The diagram below illustrates a typical architecture of data integration between EMQX and OpenTSDB:
EMQX inserts device data to OpenTSDB through the rule engine and Sink. OpenTSDB provides extensive query capabilities, supporting the generation of reports, charts, and other data analysis results. Taking industrial energy management scenarios as an example, the workflow is as follows:
- Message publication and reception: Industrial devices establish successful connections to EMQX through the MQTT protocol and regularly publish energy consumption data using the MQTT protocol. This data includes production line identifiers and energy consumption values. When EMQX receives these messages, it initiates the matching process within its rules engine.
- Rule Engine Processes Messages: The built-in rule engine processes messages from specific sources based on topic matching. When a message arrives, it passes through the rule engine, which matches it with corresponding rules and processes the message data.
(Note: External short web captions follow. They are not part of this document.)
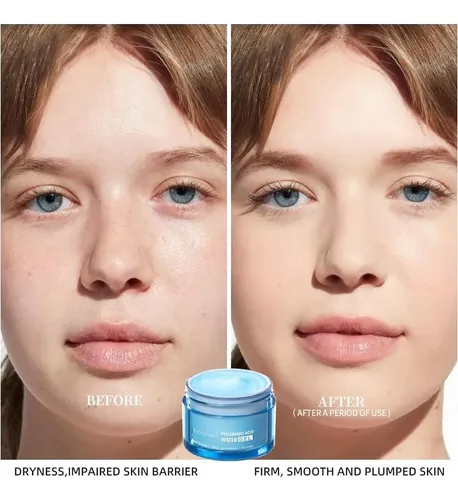 Crema Facial Hydro Boost Ácido Hialurónico 1.76 Oz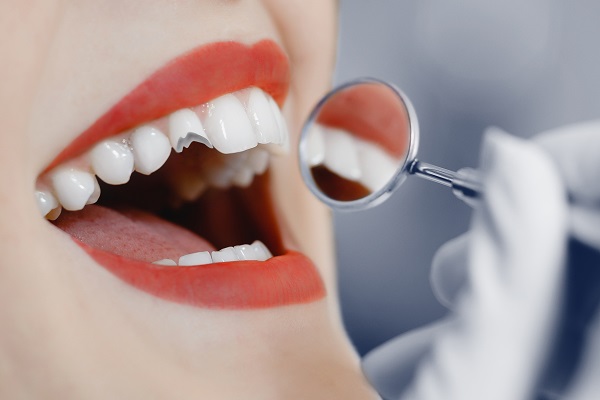 Get A Broken Tooth Treated To Avoid Complications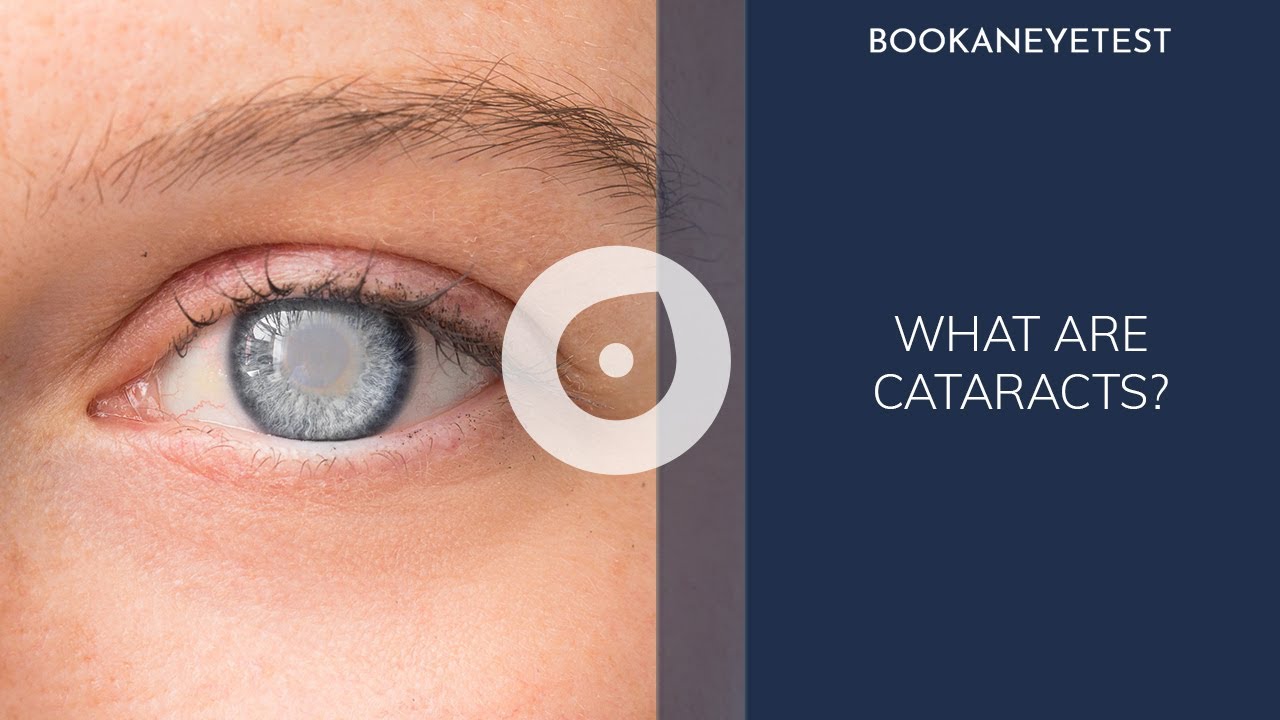 Cataracts | What are Cataracts? | Book an eye test | Doctor Explains Cataract Symptoms and Treatment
This can include transforming data formats, filtering specific information, or enriching messages with context information.
- Data ingestion into OpenTSDB: Rules defined in the rule engine trigger operations to write messages to OpenTSDB.
After data is written to OpenTSDB, you can flexibly use the data, for example:
- Connect to visualization tools like Grafana to generate charts based on the data, displaying energy storage data.
- Connect to business systems for monitoring and alerting on the status of energy storage devices.
Features and Benefits
The OpenTSDB data integration offers the following features and advantages:
- Efficient Data Processing: EMQX can handle a massive number of IoT device connections and message throughput, while OpenTSDB excels in data writing, storage, and querying, providing outstanding performance to meet the data processing needs of IoT scenarios without overburdening the system.
- Message Transformation: Messages can undergo extensive processing and transformation through EMQX rules before being written into OpenTSDB.
- Large-Scale Data Storage: By integrating EMQX with OpenTSDB, a vast amount of device data can be directly stored in OpenTSDB. OpenTSDB is a database designed for storing and querying large-scale time-series data, capable of efficiently handling the massive volume of time-series data generated by IoT devices.
- Rich Query Capabilities: OpenTSDB's optimized storage structure and indexing enable rapid writing and querying of billions of data points, which is extremely beneficial for applications requiring real-time monitoring, analysis, and visualization of IoT device data.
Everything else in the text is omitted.